Afirmaba rotundamente que el religioso debe desear, por encima de todas las cosas, la gracia de la oración; y, convencido de que sin la oración nadie puede progresar en el servicio divino, exhortaba a los hermanos, con todos los medios posibles, a que se dedicaran a su ejercicio. Y en cuanto a él se refiere, cabe decir que ora caminase o estuviese sentado, lo mismo en casa que afuera, ya trabajase o descansase, de tal modo estaba entregado a la oración, que parecía consagrar a la misma no sólo su corazón y su cuerpo, sino hasta toda su actividad y todo su tiempo.

No dejaba pasar por alto ninguna visita del Espíritu. Cuando, estando en camino, sentía algún soplo del Espíritu divino, se detenía al punto dejando pasar adelante a sus compañeros. Muchas veces se sumergía en el éxtasis de la contemplación de tal modo, que, arrebatado fuera de sí y percibiendo algo más allá de los sentidos humanos, no se daba cuenta de lo que acontecía al exterior en torno suyo.

Y como había aprendido en la oración que el Espíritu Santo hace sentir tanto más íntimamente su dulce presencia a los que oran cuanto más alejados los ve del mundanal ruido, por eso buscaba lugares apartados y se dirigía a la soledad de los bosques y de las montañas o a las iglesias abandonadas para dedicarse de noche a la oración. Allí sostenía frecuentes y horribles luchas con los demonios, que se esforzaban por perturbarlo en el ejercicio de la oración. Él empero, cuanto más duramente le asaltaban los enemigos, tanto más fuerte se hacía en la virtud y más fervoroso en la oración diciendo confiadamente a Cristo: «A la sombra de tus alas escóndeme de los malvados que me asaltan». Y así hasta que los demonios, no pudiendo soportar semejante constancia de ánimo, se retiraban llenos de confusión.

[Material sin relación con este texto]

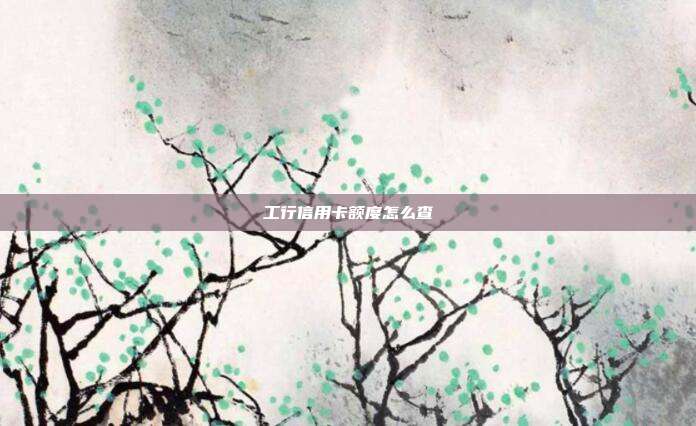 工行信用卡额度怎么查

Cuando el varón de Dios quedaba solo y sosegado, llenaba de gemidos los bosques, bañaba la tierra de lágrimas, se golpeaba con la mano el pecho, y, como quien ha encontrado un santuario íntimo, conversaba con su Señor. Allí respondía al Juez, allí suplicaba al Padre, allí hablaba con el Amigo, allí también fue oído algunas veces por sus hermanos, que con piadosa curiosidad lo observaban, interpelar con grandes gemidos a la divina clemencia en favor de los pecadores, y llorar en alta voz la pasión del Señor como si la estuviera presenciando con sus propios ojos.

Allí lo vieron orar de noche, con los brazos extendidos en forma de cruz, mientras todo su cuerpo se elevaba sobre la tierra y quedaba envuelto en una nubecilla luminosa, como si el admirable resplandor que rodeaba su cuerpo fuera una prueba de la maravillosa luz de que estaba iluminada su alma.